In LogScale there is this concept of Segments and Datasources.

A Segment is a file stored on a LogScale node that contains the compressed ingested data. Segment files sit under the directories of Data Sources.

Data Sources are part of repositories and are essentially split up into the combinations of repositories and Event Tags. This is where the stream of data for each repository and tag will sit under.

This dashboard will show you information regarding your clusters segments and datasources.

Segment Merges Per Hour

In LogScale, as ingest is coming in LogScale is building up these segment files and then storing them for use in querying later. As these segment files get build it first builds mini-segment to then be merged later into the segment file.

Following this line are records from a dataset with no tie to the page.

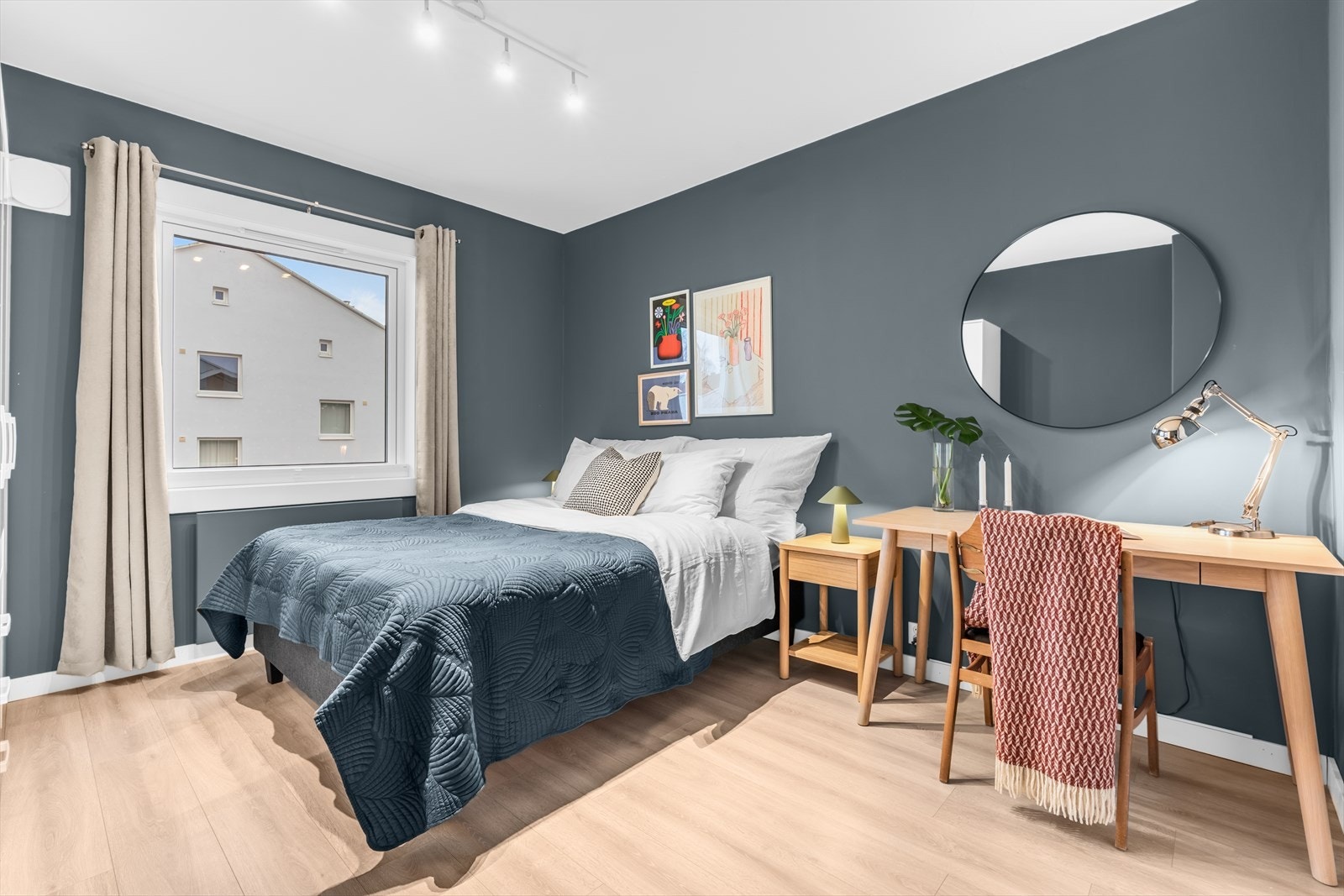 Romslig soverom med med god plass til dobbeltseng og plass til øvrig møblement. Galleribilde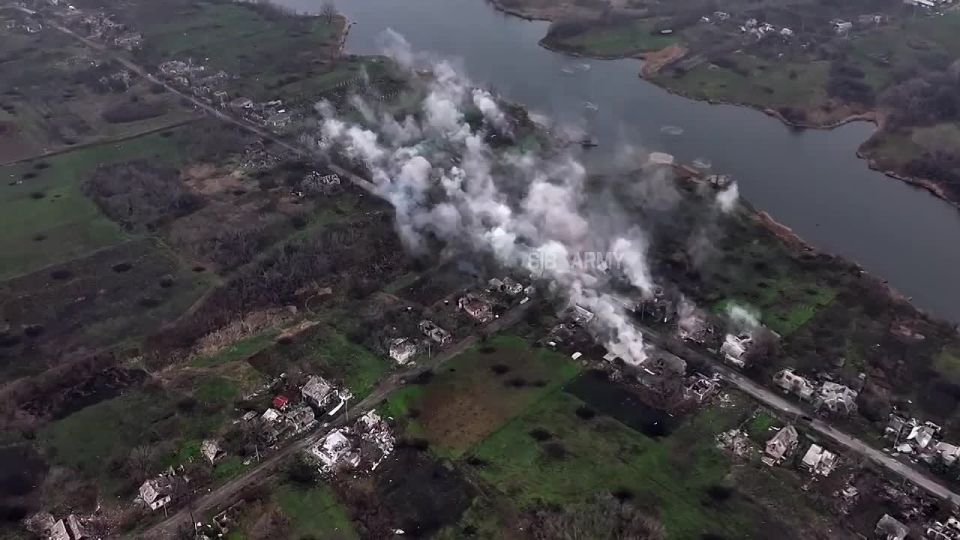 Кадры объективного контроля применения кассетных боеприпасов по позициям противника в районе в н.п. Гришино на Покровском направлении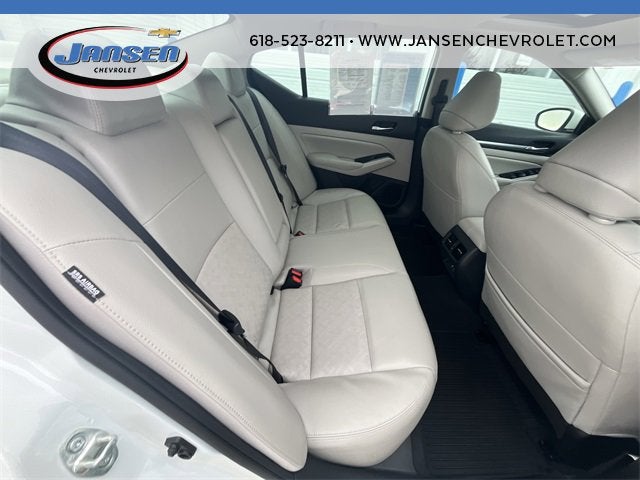 2024 Nissan Altima SL FWD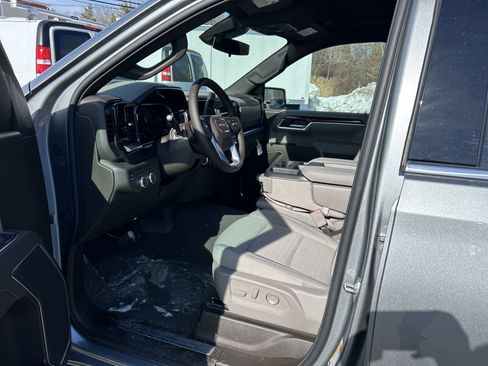 New 2026 GMC Sierra 1500 SLE w/ X31 Off-Road Package image 13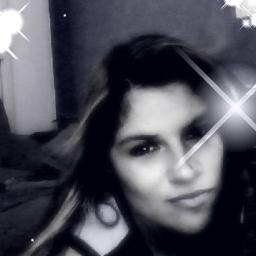 sou filha do Deus vivo,,,e vivo para o adora-lo...(sou simpatica..alegre..e seu repeita o espaço dos outros...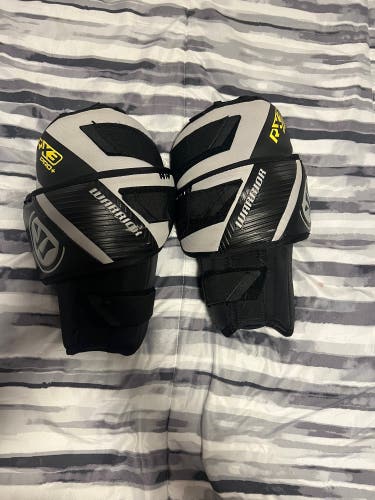 *LIKE NEW* Senoir Warrior RX3 Pro+ Knee Pads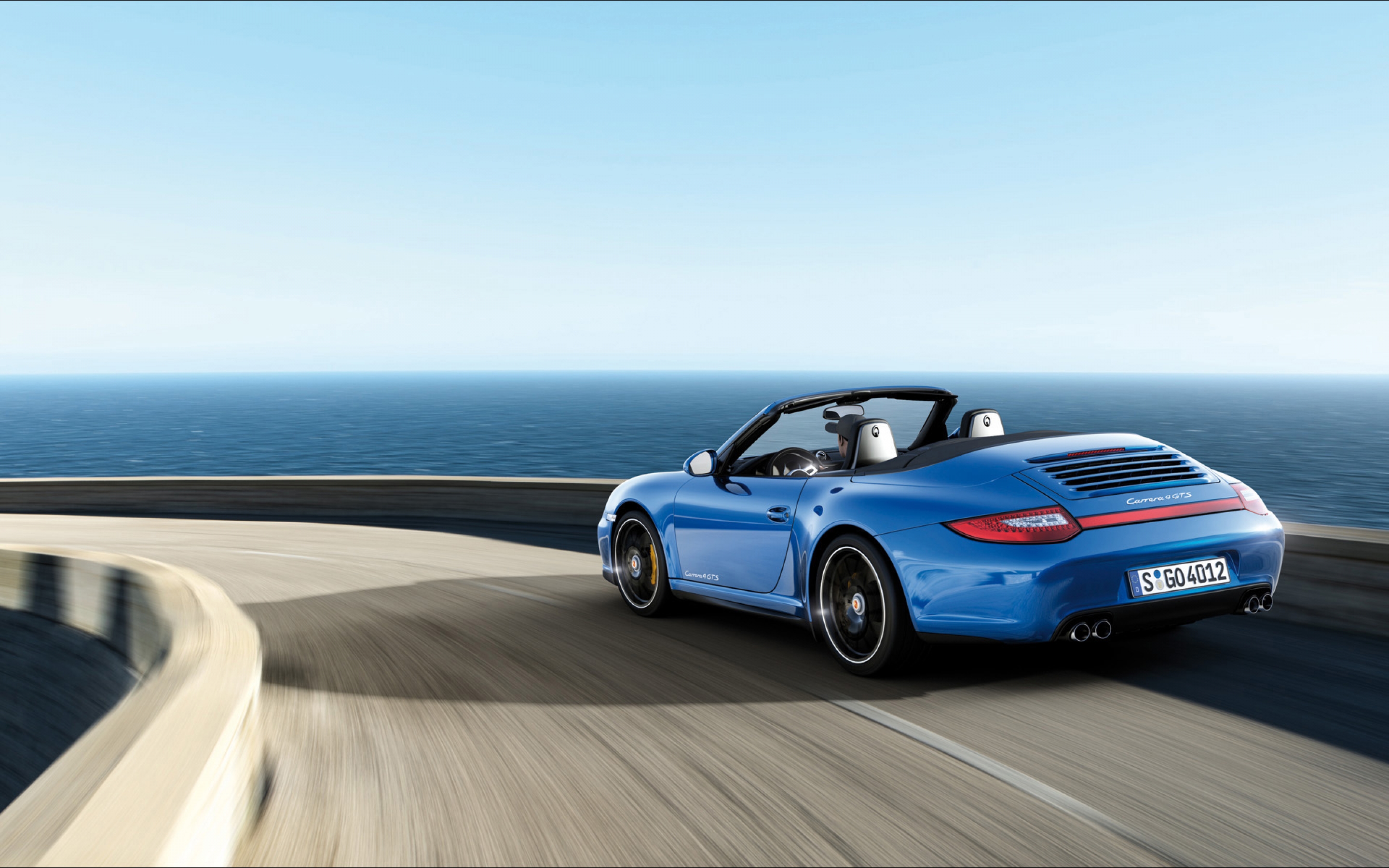 Porsche 911 Carrera 4 Gts Cabriolet wallpaperx1800
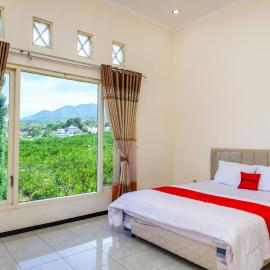 RedDoorz at Jestro Guest House Batu, hotel a Tlekung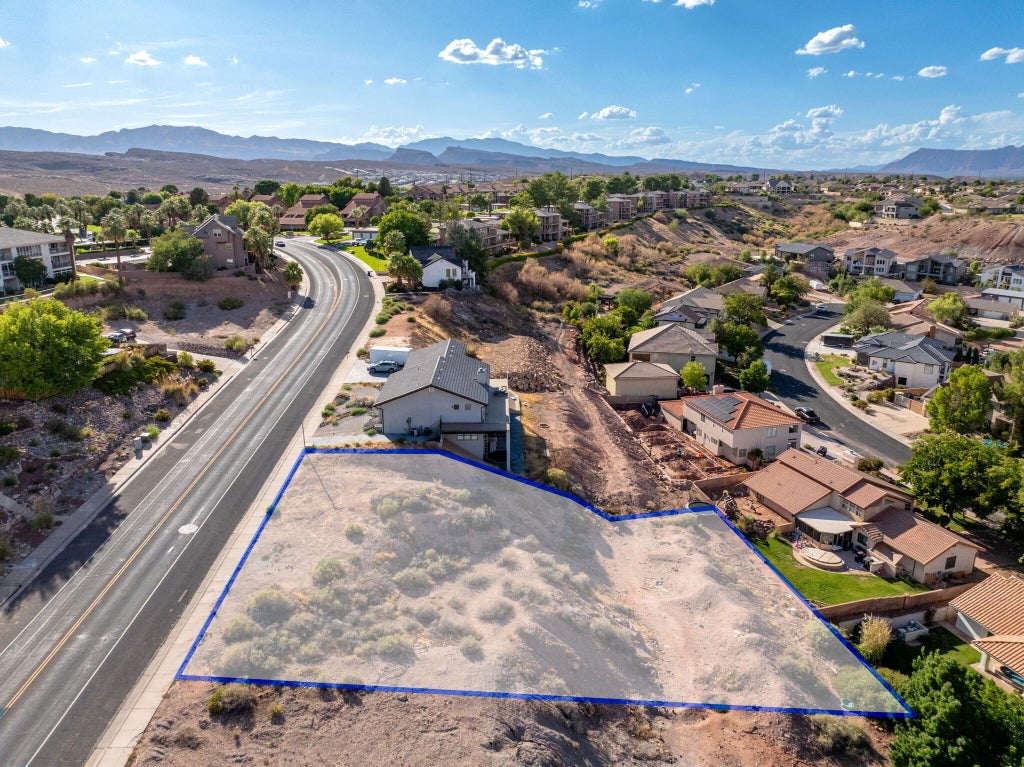 Photo of 1770 W Canyon View DR, Saint George, UT 84770 (MLS # 117878)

This widget shows the CPU time spent per LogScale host per hour on merging these segment files.

Merged Segments Sizes (Bytes)

This is median, 75th and 95th percentile of the size of the file for segments created by merging mini-segments.

On average this value will probably be around 50-500MB. Keeping this value below 1GB is a sign of a healthy cluster. Anything above that may be concerning so LogScale Support can help here.

Number Of Datasources In Repositories

So a Data Sources is this combination of repositories and the tags created within that repositories. This widget shows the number of datasources per repository which essentially means the total number of Event Tags values in each repositories.

There is a hard Limits in LogScale of 10k datasources to keep LogScale efficient and almost all cases you shouldn't need to go above this limit. If you exceed this limit then ingest will be blocked for that repository to stop it creating too many datasources.

The number of max datasources in a LogScale cluster is controlled by the MAX_DATASOURCES configuration.

, For a healthy system I would not expect repository tags to exceed 100 for a repository and if only absolutely necessary.

Global Snapshot File Size

In LogScale we have this file called the global-data-snapshot.json also known as Architecture of Humio which essentially holds all of the key information about the LogScale cluster and is constantly updated across all nodes. It is where all metadata on repositories, users and all the other objects you can create through the UI is stored. It also holds the metadata on the "segment files" that holds the events shipped to LogScale.

This "Global" file is handled by LogScale and should be kept as small as possible to keep performance fast within LogScale. A healthy system should not see the Global snapshot file exceed past 1GB and is ideally <500MB. If this is not the case this should be discussed with LogScale support.